Te Weesp, alwaar hij zich met der woon hadt nedergezet, geneerde hij zich met eenig tijdlijk beroep, en bekleedde ’er, eenige maalen, den post van Ouderling der Hervormde Gemeente. Doch vermits ‘s Mans zucht tot de beoeffening der Godgeleerdheid overhelde, maakte hij, onder het waarneemen van zijn beroep, zo groote vorderingen in dezelve, dat hij zich, eindelijk, aan die weetenschap, en daar mede vermaagschapte kundigheden, geheel overgaf, en vervolgens in Noordholland tot Leeraar te Zuidscharwoude en Broek beroepen wierdt. Het voorwerp des tegenwoordigen Artikels was toen reeds gebooren. De Leeraar, in zijnen Zoon een leergierigen en veel goeds beloovenden inborst bespeurende, zondt hem in ’t Latijnsche School te Alkmaar. Dewijl hij aan zijns Vaders verwagtinge in allen deele beantwoordde, wierdt deeze te raade, onzen SALOMON na Utrecht, aan ’t Hoogeschool, te zenden. Een geregeld plan van letteroeffeningen volgende, besteedde hij eerst eenigen tijd aan de beoeffening der Wijsbegeerte en fraaie Letteren, vooral aan die der Oostersche taalen. Daar aan zich meer bepaaldelijk op de Godgeleerdheid zullende toeleggen, verkoos hij tot zijne eerste Leermeesters den vermaarden GISBERTUS VOETIUS en ERPENIUS; vervolgens genoot hij de lessen van FRANCISCUS BURMANNUS. Onder den laatstgenoemden verdeedigde hij eenige Stellingen: De Veteri Testamento, „Over het Oude Testament.”

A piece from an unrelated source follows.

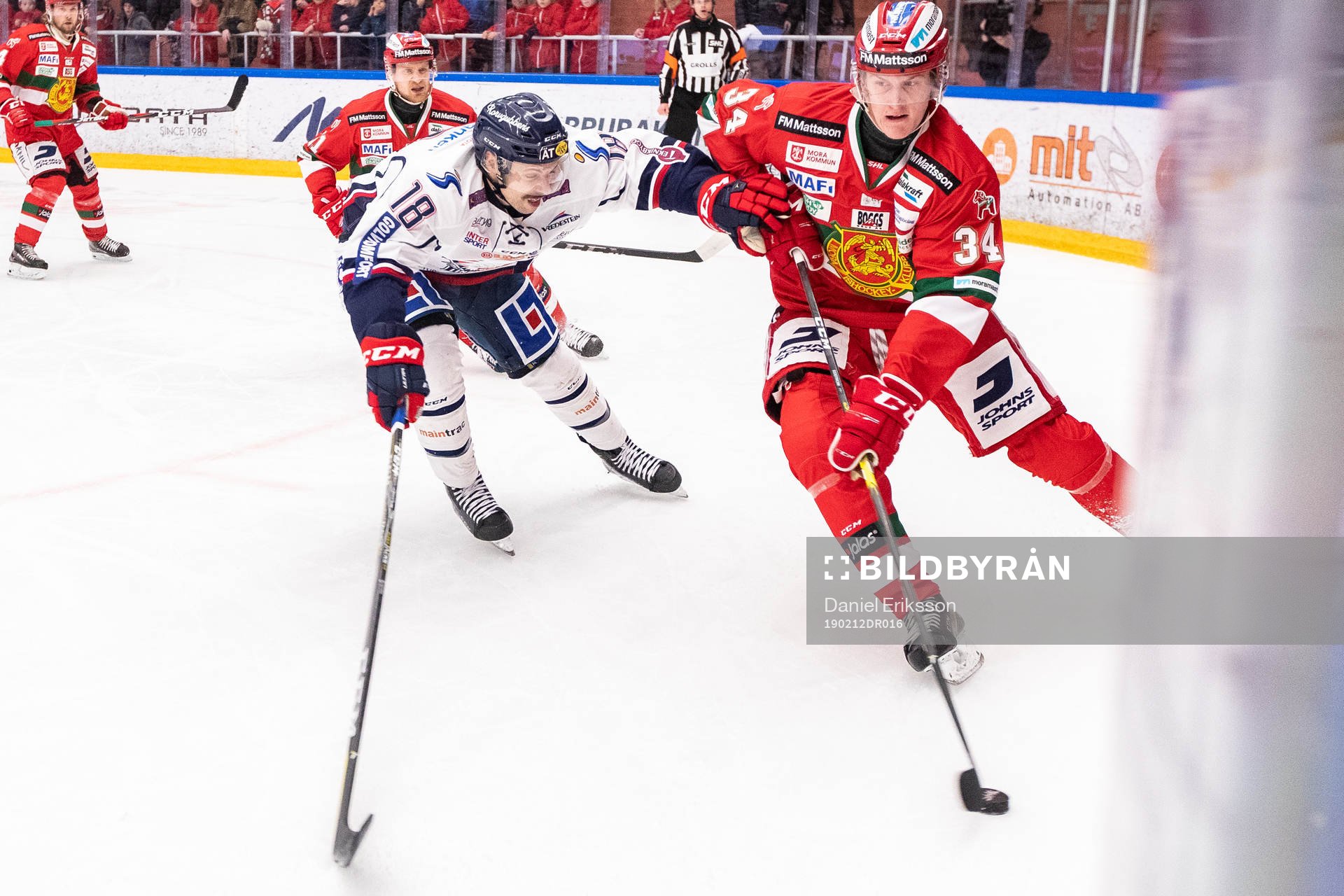 Linköpings James Wright och Moras Adam Edström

Hoewel dus de letteroeffeningen van onzen VAN TIL in zulkervoege wierden ingerigt, als dienstig was om hem tot eenen Openbaaren Verkondiger van het Euangelium te vormen, scheen hij, nogthans, zijn besluit deswegen niet vast bepaald te hebben. Hij was, naamelijk, met eenige belemmering in zijne uitspraak gekweld. Dit deedt hem, bij wijlen, angstige vermoedens opvatten aangaande zijne bevoegdheid tot het predikampt. En vermids hij, nevens zijne algemeene zucht tot kennis en geleerdheid, eenige overhellende geneigdheid tot de Geneeskunde gevoelde, wierdt hij te raade, zich ook op die weetenschap toe te leggen, om, in allen gevalle, indien het ongemak, om ’t welk te verdrijven hij zijne uiterste poogingen aanwendde, hem niet verliet, en hij dus tot den Kanzel onbevoegd mogt bevonden worden, eene andere toevlugt open te hebben.

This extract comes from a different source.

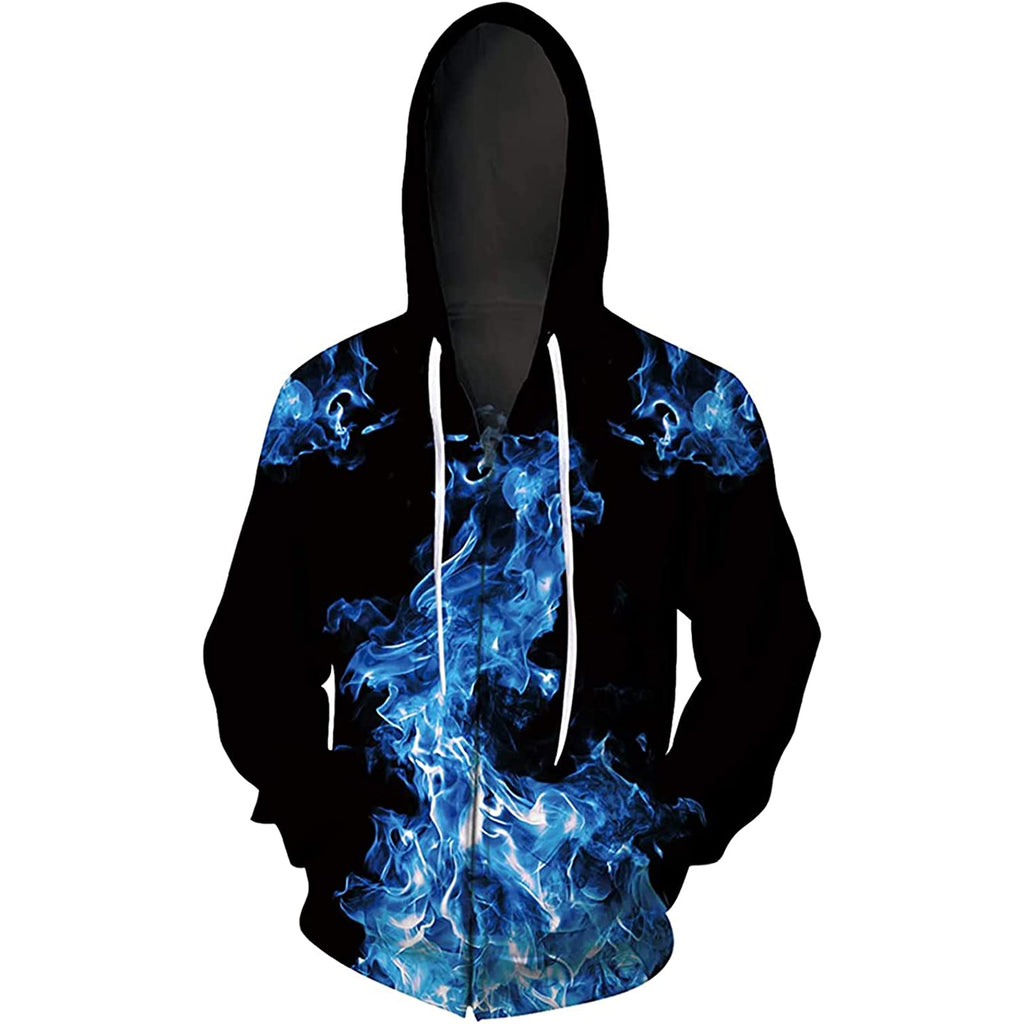 Cool blue hoodies best sale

En, inderdaad, zo gelukkige vorderingen maakte hij in de Geneeskunde, dat hij, in den Jaare 1662, en dus slegts negentien jaaren oud zijnde, in overleg nam, eene Verhandeling in ’t licht te geeven, onder den titel, Hortus Sanitatis, continens plurima diversorum morborum remedia, in urum codicem digesta: „Gezondheidshof, bevattende zeer veele geneesmiddelen van verschillende ziekten, in één boekdeel vezameld.” Doch, 't zij hem de uitgave door meer kundigen wierdt ontraaden, of om eenige andere reden, de ontworpene Verhandeling heeft nooit het licht gezien. In ’t voorbijgaan moeten wij hier aanmerken, dat VAN TIL, naderhand, een ernstig hulpmiddel tegen zijne belemmerde of stotterende uitspraak vondt, in het zorgvuldig vermijden van zodanige woorden, die hem de meeste hapering veroorzaakten. Van hier dat hij naderhand den Kanzel beklimmende, bij niemand, voor ’t overige daar van onkundig, van zulk een ongemak verdagt konde gehouden worden.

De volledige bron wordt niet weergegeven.